Este 22 de marzo la Cámara de Diputados aprobó la reforma al sector de las telecomunicaciones con objeto de garantizar la libre competencia en un mercado que vale cerca de 30 mil millones de dólares al año.
La reforma, parte del Pacto por México, se abrió camino en medio de una gran incertidumbre.
Había dudas de que esta propuesta legislativa se pudiera quedar en el limbo, porque algunos de los monopolios afectados, como es el caso de Televisa, fueron actores y aliados claves en el triunfo del candidato presidencial del PRI, y resultan fundamentales para apuntalar sus estrategias de comunicación política y su legitimidad gubernamental. El 99% de los mexicanos están expuestos a la televisión, un medio que manipula realidades y conciencias, y con ello, las percepciones ciudadanas con respecto al acontecer público.
La reforma implicaba un choque de trenes contra poderes fácticos que controlan los estratégicos servicios de telefonía, Internet, radio y televisión, y que cuentan con una enorme capacidad económica y de cabildeo político y parlamentario.
Con la aprobación de esta iniciativa de ley se demuestra que la existencia de una coalición político-legislativa plural, sólida, cohesionada en torno a un programa de reformas estructurales viables y urgentes, y respaldada por la autoridad ejecutiva del Presidente, que sigue siendo, más allá de los avances democráticos, el centro orbital del sistema político mexicano, puede más que los intereses creados, como ya se comprobó también con las reformas al sector educativo.
Permítanme retornar al ámbito de las consecuencias de esta mudanza legislativa para el ámbito de la televisión.
La reforma plantea licitar dos cadenas de TV abierta nacionales donde no podrán participar empresas que tengan concesiones por 12 megahertzios (Mhz) o más, como Televisa (que detenta el 70% del mercado) y su rival TV Azteca (30%).
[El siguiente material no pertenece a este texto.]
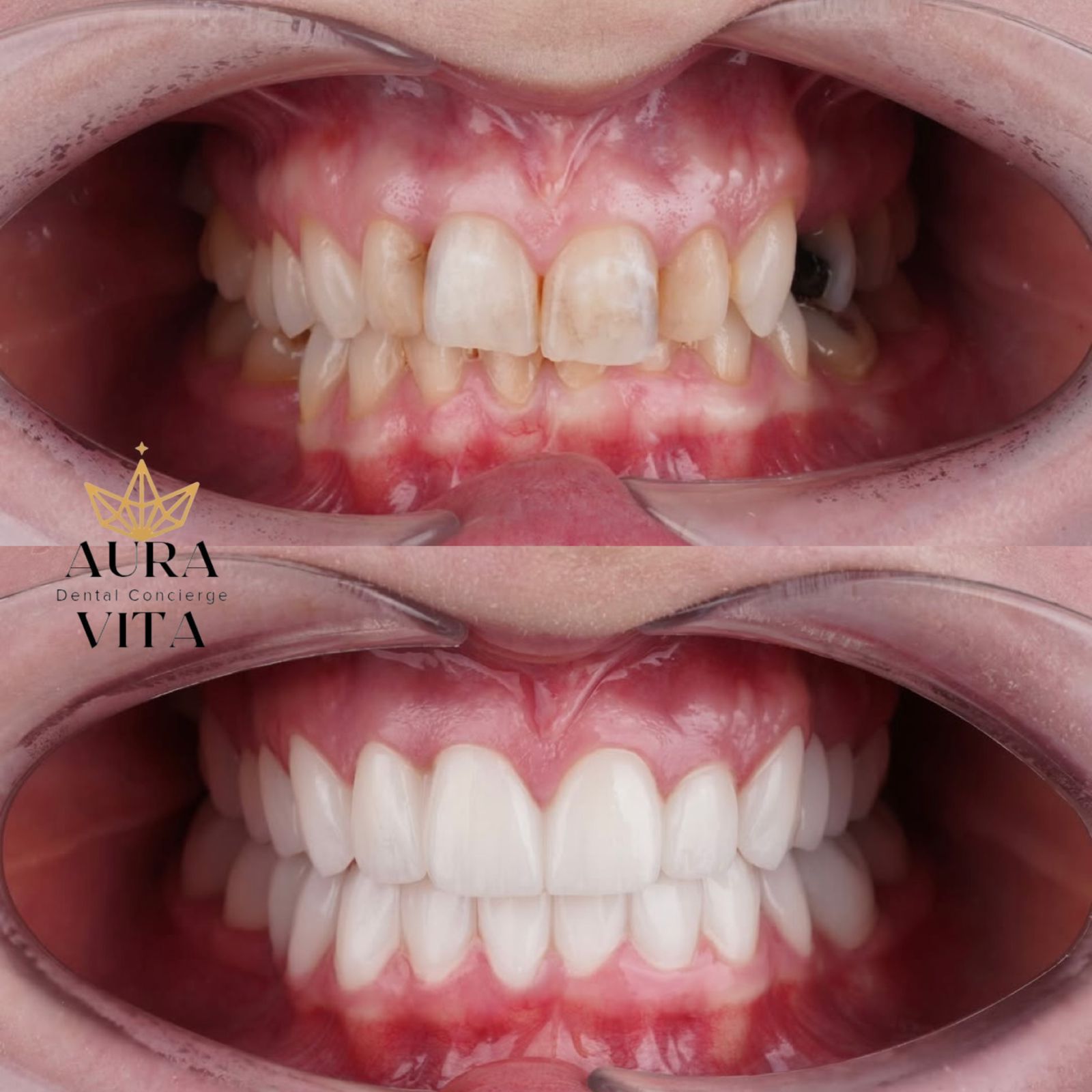 Before & After Transformation 2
Y aquí empiezan los problemas. Porque entre los principales prospectos para hacerse de estas dos nuevas cadenas de TV privada se menciona a Carlos Slim, Joaquín Vargas y Olegario Vázquez Raña.
Los ciudadanos tenemos que presionar para que los propietarios de estos dos nuevos medios televisivos, sean quienes sean, den prioridad a la producción de nuevos contenidos acordes con una sociedad urgida de cultura, cohesión, valores democráticos, educación, inteligencia, información imparcial y civismo.
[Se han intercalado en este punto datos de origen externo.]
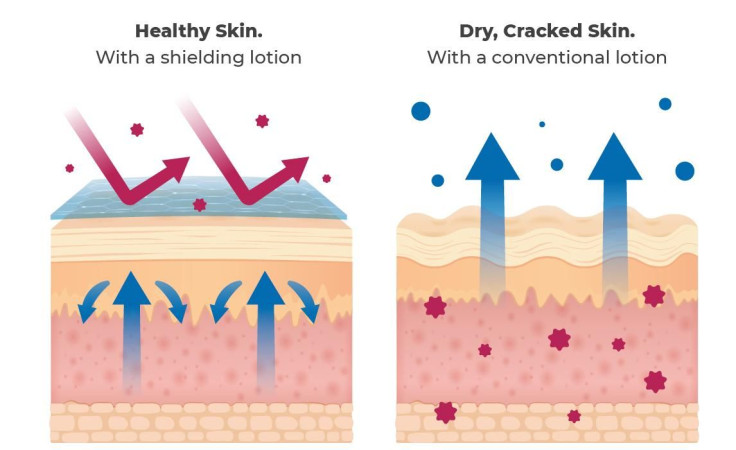 Healthy Skin Vs Dry Skin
Si el mercado somete a los nuevos concesionarios a regirse sólo por el rating, tendremos más de lo mismo, a la misma hora, pero en más canales. Se requiere de la presión de la sociedad civil apoyada por la acción regulatoria del nuevo y autónomo Instituto Federal de Telecomunicaciones (Ifetel); sólo así los mexicanos podremos tener una TV distinta, moderna y mejor, que es el espíritu de la nueva ley.
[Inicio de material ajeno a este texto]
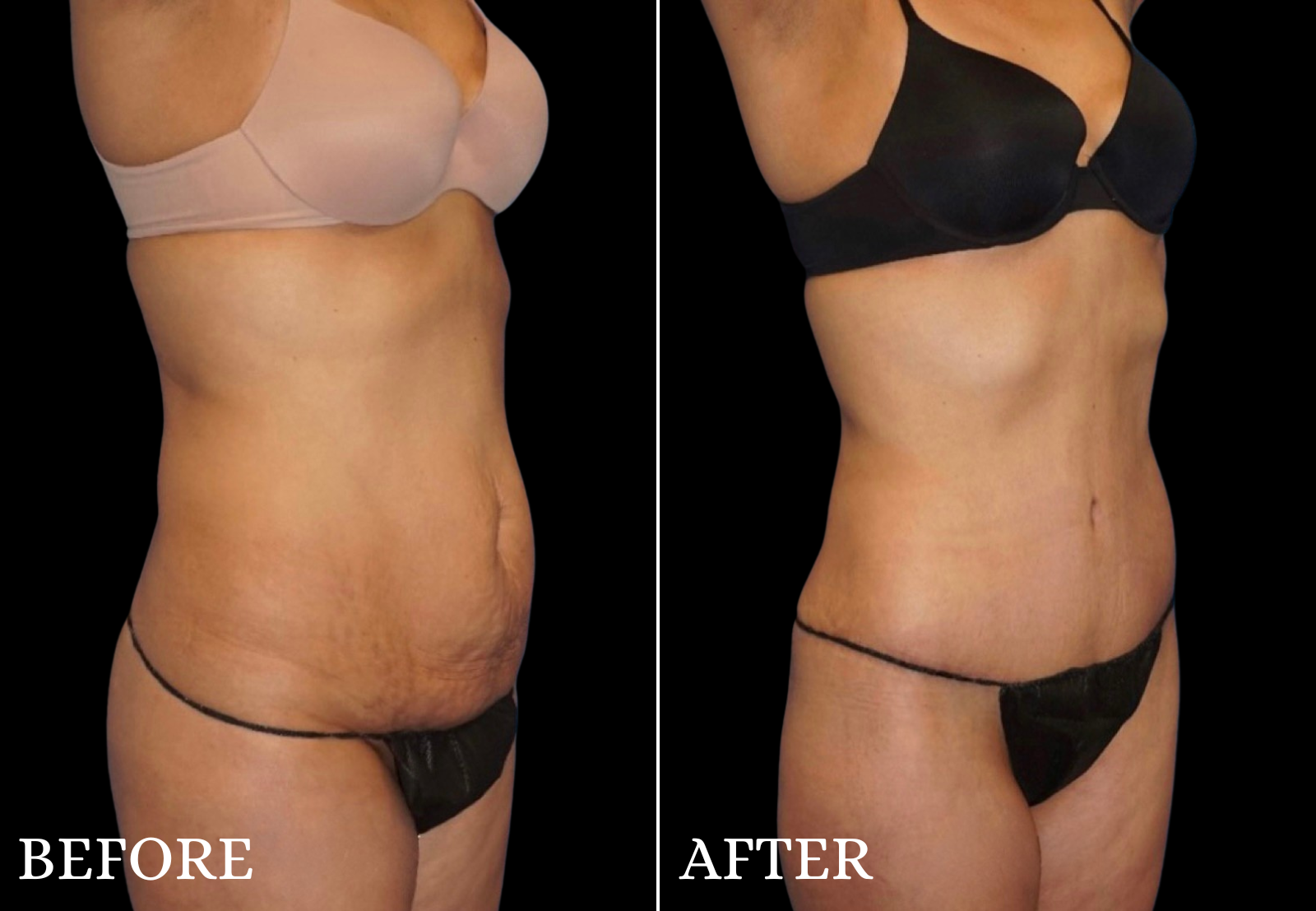 Tummy Tuck Before & After Gallery - Patient 354598 - Image 2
Por otra parte, la reforma contempla la creación de una cadena de televisión pública nacional. Y aquí sería importante voltear la mirada hacia los modelos de TV pública imperantes en Europa y los Estados Unidos.
La BBC, la TV estatal inglesa, por ejemplo, tiene entre sus códigos de conducta, ofrecer una cobertura informativa completa, en profundidad e imparcial que conduzca al debate y la reflexión de los ciudadanos; favorecer el desarrollo de la cultura y el sano entretenimiento; interiorizar en los televidentes actitudes favorable a la tolerancia, el altruismo, el respeto a las leyes, la democracia y el medio ambiente, y garantizar una oferta de programas de alta calidad que creen oportunidades para la educación.
Es la hora de los ciudadanos para decidir qué tipo de televisión queremos y necesita México.